La guerre est désormais hybride et vise à influer les citoyens par l’information ou la désinformation en vue de brouiller la perception de la réalité. Influer signifie manipuler, d’où le besoin de renforcer notre résilience collective face aux risques liés à la mondialisation de l’information.
Sensibiliser et armer les citoyens face à la guerre cognitive
Informing and Arming Citizens for Cognitive Warfare
War is now hybrid, and aims at influencing citizens through information or disinformation with a view to blurring the perception of reality. Influence, here, means manipulate—hence the need to strengthen our collective resilience in the face of risks linked to the globalisation of information.

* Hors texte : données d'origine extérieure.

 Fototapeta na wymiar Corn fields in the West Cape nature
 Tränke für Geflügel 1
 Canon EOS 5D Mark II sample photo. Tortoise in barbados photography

La guerre se renouvelle sans cesse, alimentée par la créativité des belligérants potentiels, inventant des outils et des modes d’action pour garantir leur supériorité et surprendre l’adversaire. Ainsi, des stratagèmes anciens sont recyclés par l’apport d’innovations liées à l’évolution des sciences et des techniques dans tous les champs qui structurent la vie des hommes et le champ cognitif n’y échappe pas. Des spécialistes de la tromperie, à l’instar d’Ulysse durant la guerre de Troie, fondent leur stratégie en altérant, par la mise en scène, la perception de la réalité chez l’adversaire puis triomphent dans la bataille malgré des rapports de force initialement défavorables. Ces premiers adeptes de la manipulation de la pensée qui persuadent leurs ennemis de la pertinence d’une appréciation de situation, pourtant erronée, eurent dans l’histoire de nombreux disciples, spécialistes du faire-croire pour vaincre, en engageant d’abord l’ennemi dans le champ des perceptions et des émotions.

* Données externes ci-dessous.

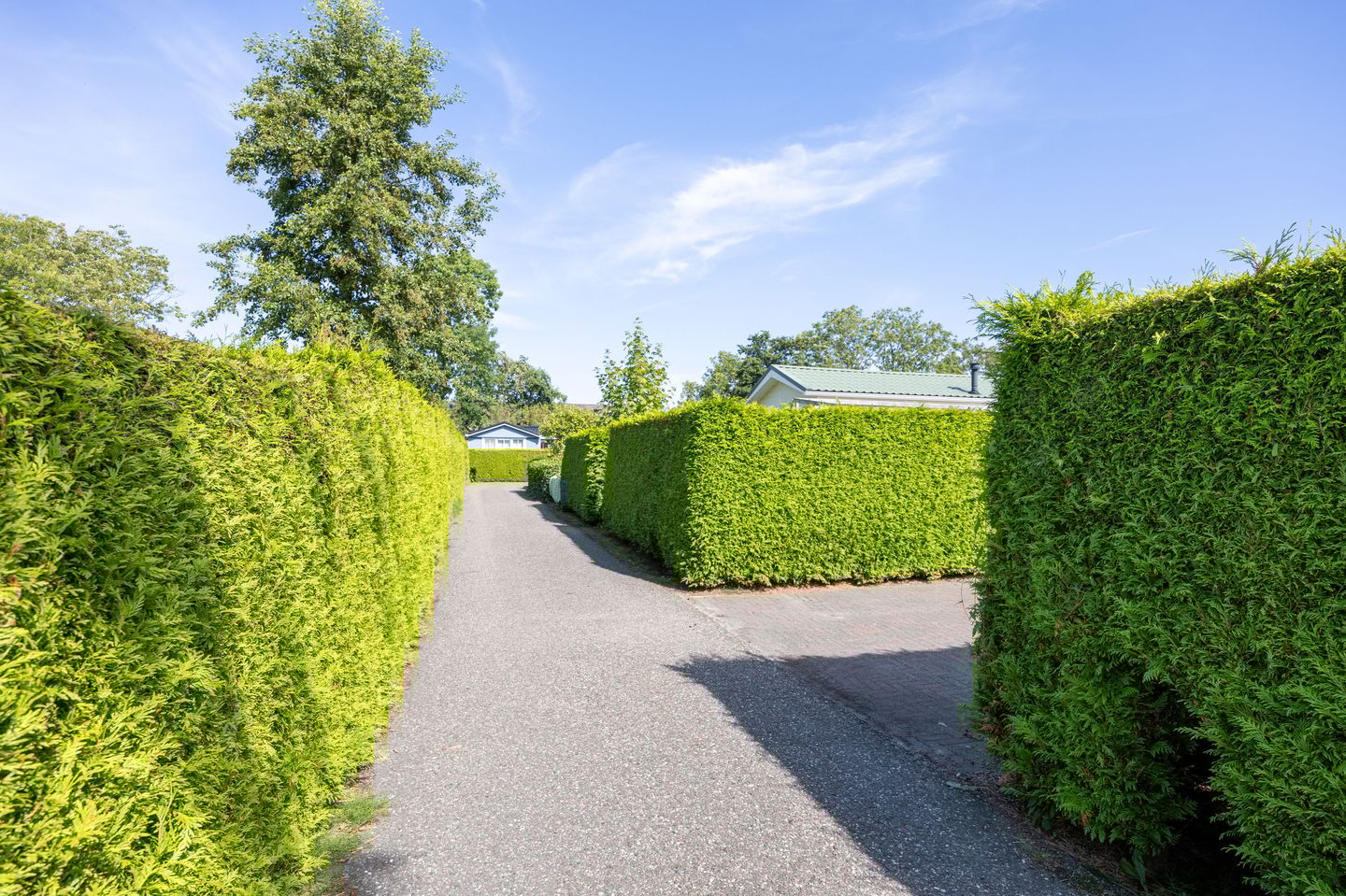 Photo 29 of Vogels' tún 35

Cibler le cerveau pour occulter la raison
Aujourd’hui, au-delà des manœuvres de duperie ou de déception, utilisées durant les conflits du XXIe siècle, les technologies modernes de communication et de traitement de l’information ainsi que les découvertes récentes en neurosciences (1) se conjuguent pour offrir un nouveau champ d’action ciblant directement l’esprit humain. Ainsi, des applications concrètes permettent à des influenceurs aux talents d’illusionnistes de cibler le cerveau dans le cadre d’une guerre cognitive (ou cognitique) : ils développent des modes d’action susceptibles de déstabiliser des individus, des groupes sociaux, voire des masses, en recherchant des effets immédiats ou à plus long terme. Des campagnes de propagande, visant à influencer l’opinion publique, instrumentalisent tout autant des élections que la qualité du moral des populations en temps de crise ou de guerre. L’idée de cibler le cerveau dans une logique de combat est permise par une meilleure connaissance de sa structure et de son fonctionnement, grâce aux formidables progrès des trente dernières années. La neuroimagerie permet d’identifier avec précision les h ormones (ocytocine, adrénaline et dopamine…) libérées par les émotions, stimulantes ou inhibitrices, conditionnant nos pensées et nos actions. Ce ciblage du cer veau est facilité par l’usage excessif de certains réseaux sociaux, applications informatiques ou jeux vidéo pouvant occasionner une addiction ou une perte de contrôle, voire une dégradation des aires cérébrales impliquées dans l’autocontrôle. La plasticité et la malléabilité de l’esprit aux influences psychologiques sont connues depuis longtemps.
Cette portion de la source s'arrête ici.